[Start of section]

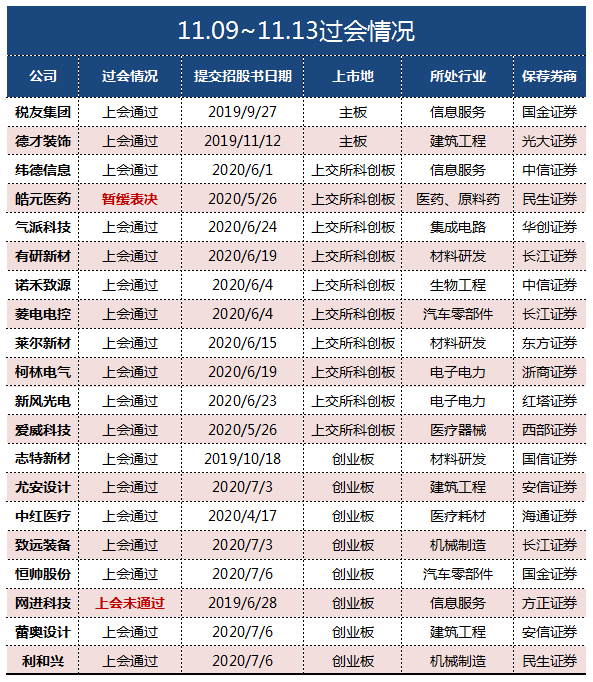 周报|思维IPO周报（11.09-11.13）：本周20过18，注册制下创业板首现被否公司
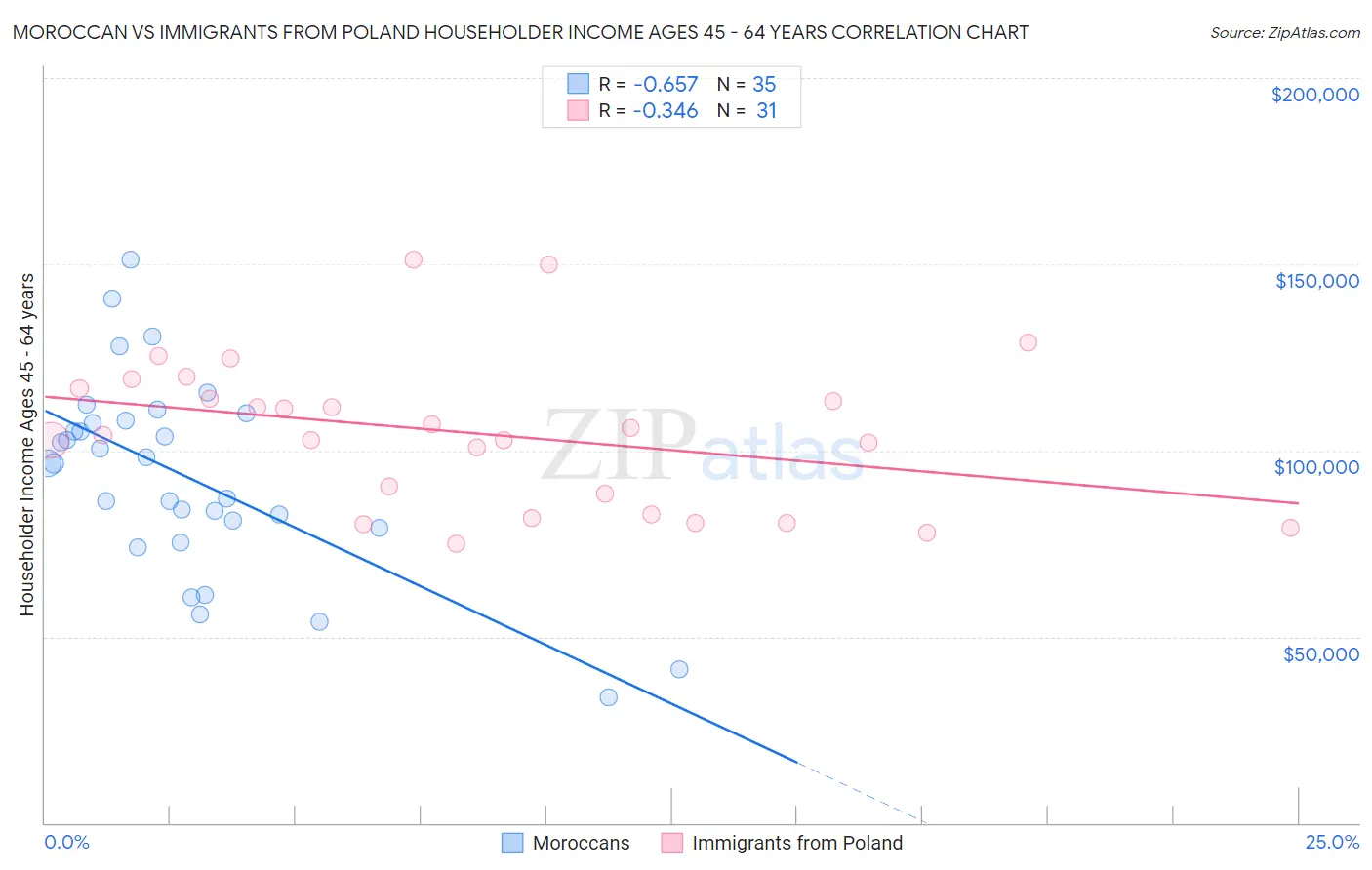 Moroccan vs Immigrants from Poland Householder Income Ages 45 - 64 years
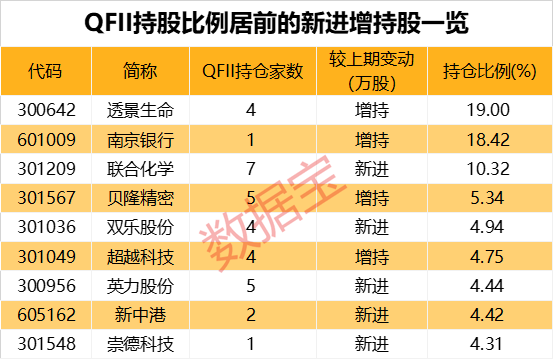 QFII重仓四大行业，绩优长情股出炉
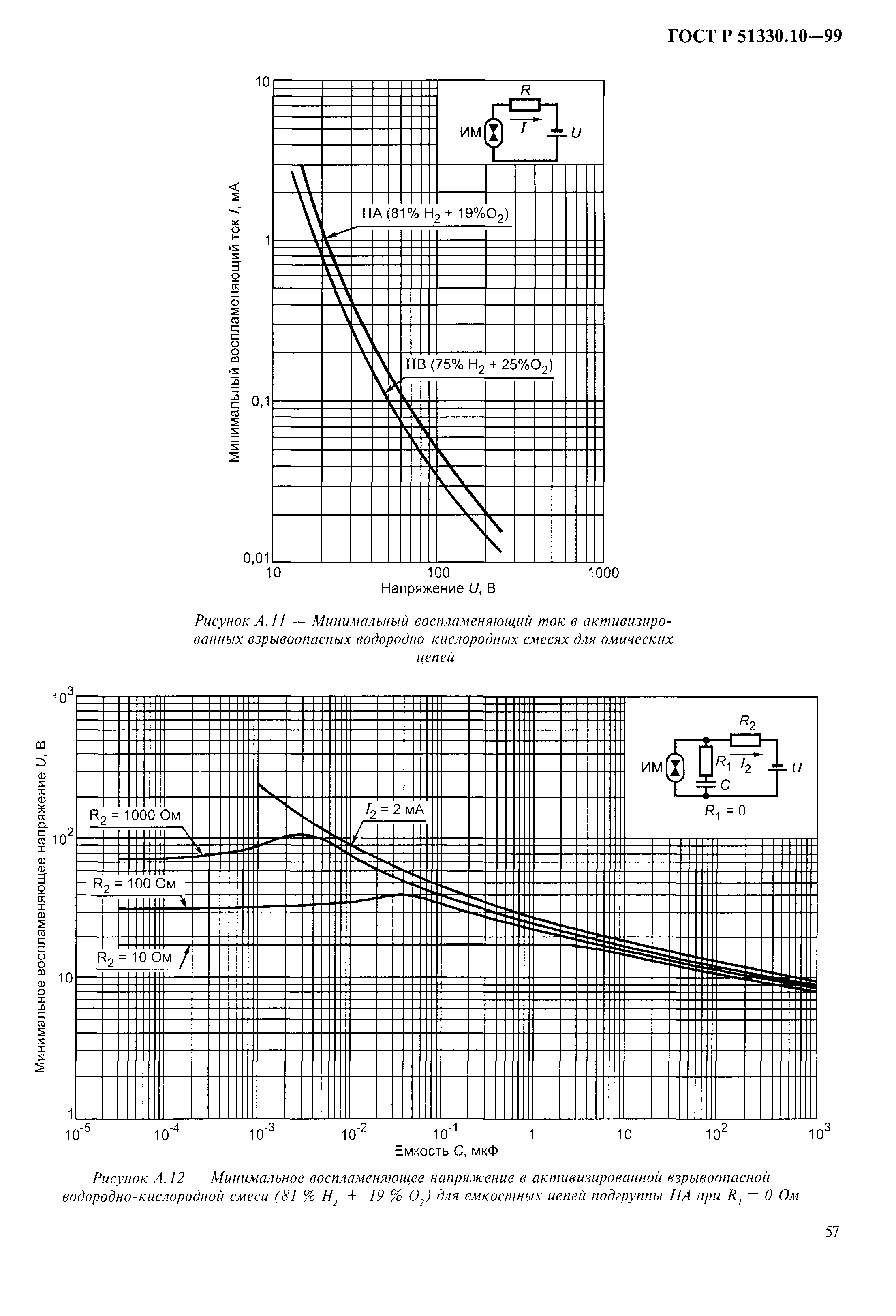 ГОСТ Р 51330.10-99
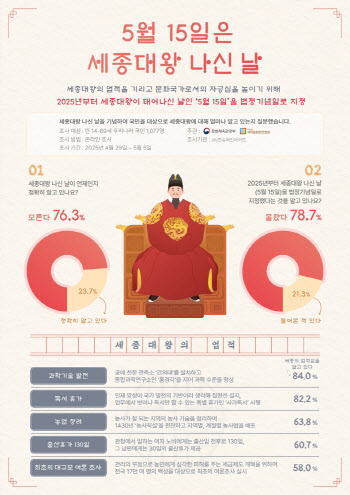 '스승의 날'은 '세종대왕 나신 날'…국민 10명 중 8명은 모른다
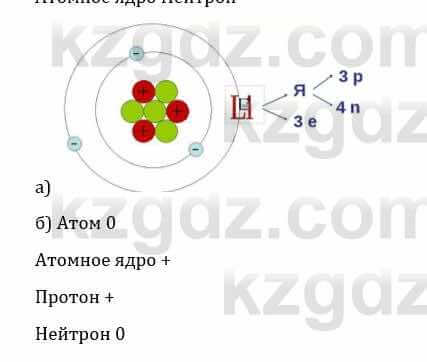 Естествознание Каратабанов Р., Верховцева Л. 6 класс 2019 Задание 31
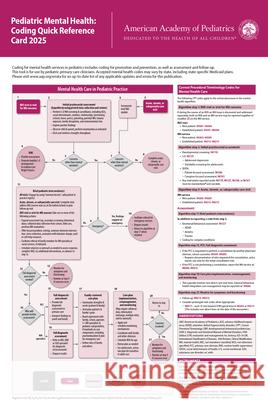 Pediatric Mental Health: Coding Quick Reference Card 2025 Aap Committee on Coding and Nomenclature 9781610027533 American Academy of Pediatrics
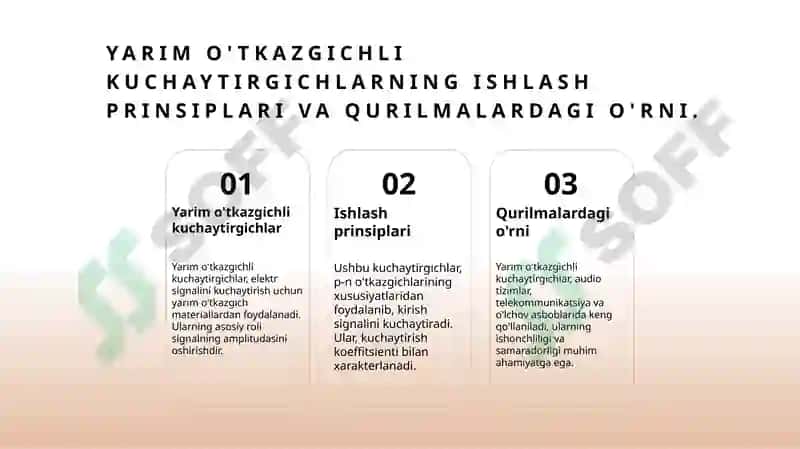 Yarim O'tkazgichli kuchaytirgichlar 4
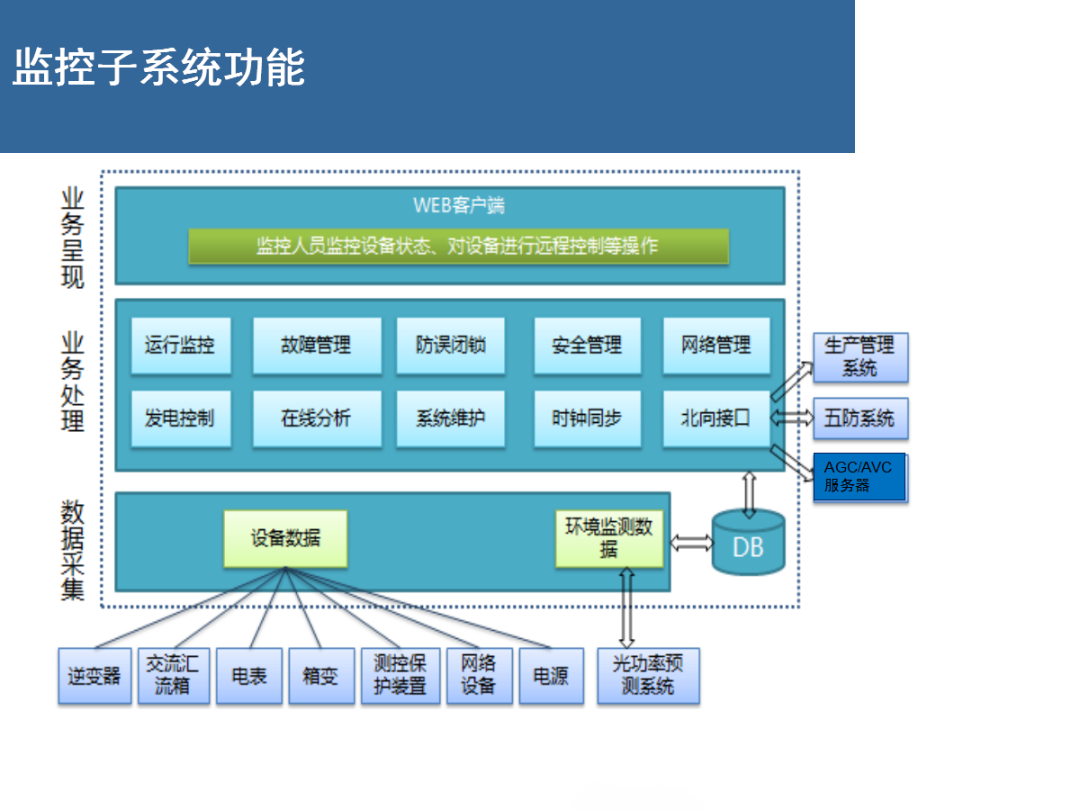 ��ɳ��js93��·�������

[End of section]

* **PROBLEM DETAILS**
Please keep the pictures out and reproduce the records above exactly.

* **SOLVED PROBLEM**
 周报|思维IPO周报（11.09-11.13）：本周20过18，注册制下创业板首现被否公司
 Moroccan vs Immigrants from Poland Householder Income Ages 45 - 64 years
 QFII重仓四大行业，绩优长情股出炉
 ГОСТ Р 51330.10-99
 '스승의 날'은 '세종대왕 나신 날'…국민 10명 중 8명은 모른다
 Естествознание Каратабанов Р., Верховцева Л. 6 класс 2019 Задание 31
 Pediatric Mental Health: Coding Quick Reference Card 2025 Aap Committee on Coding and Nomenclature 9781610027533 American Academy of Pediatrics
 Yarim O'tkazgichli kuchaytirgichlar 4
 ��ɳ��js93��·�������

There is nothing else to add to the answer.